The Achilles' Heel of LLMs: How Altering a Handful of Neurons Can Cripple Language Abilities
Zixuan Qin 1, Qingchen Yu 2,3, Kunlin Lyu 1, Zhaoxin Fan 2,3, Yifan Sun 1
Published on arXiv
2510.10238
Model Poisoning
OWASP ML Top 10 — ML10
Key Finding
Disrupting as few as 3 neurons in a 72B-parameter LLM (over 1.1 billion neurons) causes complete model collapse with perplexity increasing by up to 20 orders of magnitude, revealing extreme fragility concentrated in MLP down_proj components of outer layers.
PCICN (Perturbation-based Causal Identification of Critical Neurons)

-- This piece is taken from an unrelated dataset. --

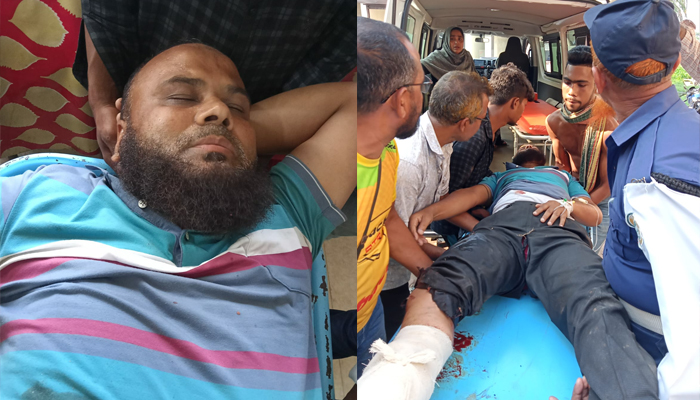 ঝালকাঠিতে সড়ক দুর্ঘটনায় পুলিশ সদস্য আহত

Novel technique introduced
Large Language Models (LLMs) have become foundational tools in natural language processing, powering a wide range of applications and research. Many studies have shown that LLMs share significant similarities with the human brain. Recent neuroscience research has found that a small subset of biological neurons in the human brain are crucial for core cognitive functions, which raises a fundamental question: do LLMs also contain a small subset of critical neurons? In this paper, we investigate this question by proposing a Perturbation-based Causal Identification of Critical Neurons method to systematically locate such critical neurons in LLMs. Our findings reveal three key insights: (1) LLMs contain ultra-sparse critical neuron sets. Disrupting these critical neurons can cause a 72B-parameter model with over 1.1 billion neurons to completely collapse, with perplexity increasing by up to 20 orders of magnitude; (2) These critical neurons are not uniformly distributed, but tend to concentrate in the outer layers, particularly within the MLP down\_proj components; (3) Performance degradation exhibits sharp phase transitions, rather than a gradual decline, when these critical neurons are disrupted. Through comprehensive experiments across diverse model architectures and scales, we provide deeper analysis of these phenomena and their implications for LLM robustness and interpretability. These findings can offer guidance for developing more robust model architectures and improving deployment security in safety-critical applications. Our code is available at https://github.com/qqqqqqqzx/The-Achilles-Heel-of-LLMs.
Key Contributions
- Proposes PCICN (Perturbation-based Causal Identification of Critical Neurons), a two-stage method using noise injection and greedy masking to locate ultra-sparse critical neuron sets in LLMs
- Demonstrates that corrupting as few as 3 neurons in a 72B-parameter LLM causes complete model collapse with perplexity increases of up to 20 orders of magnitude
- Characterizes critical neuron properties: concentrated in outer MLP down_proj layers, non-uniformly distributed, and exhibiting sharp phase-transition degradation rather than gradual decline
🛡️ Threat Analysis
The paper demonstrates targeted weight manipulation of identified critical neurons that causes catastrophic, irreversible performance degradation in LLMs. While not a classic backdoor/trigger attack, the PCICN method functions as an attack pipeline for surgical model sabotage — an adversary with white-box weight access can use it to identify and corrupt the minimal set of weights that destroys full model functionality. This is the closest OWASP category for targeted model weight corruption attacks, though the fit is imperfect since ML10 canonically covers backdoor trigger insertion rather than capability destruction.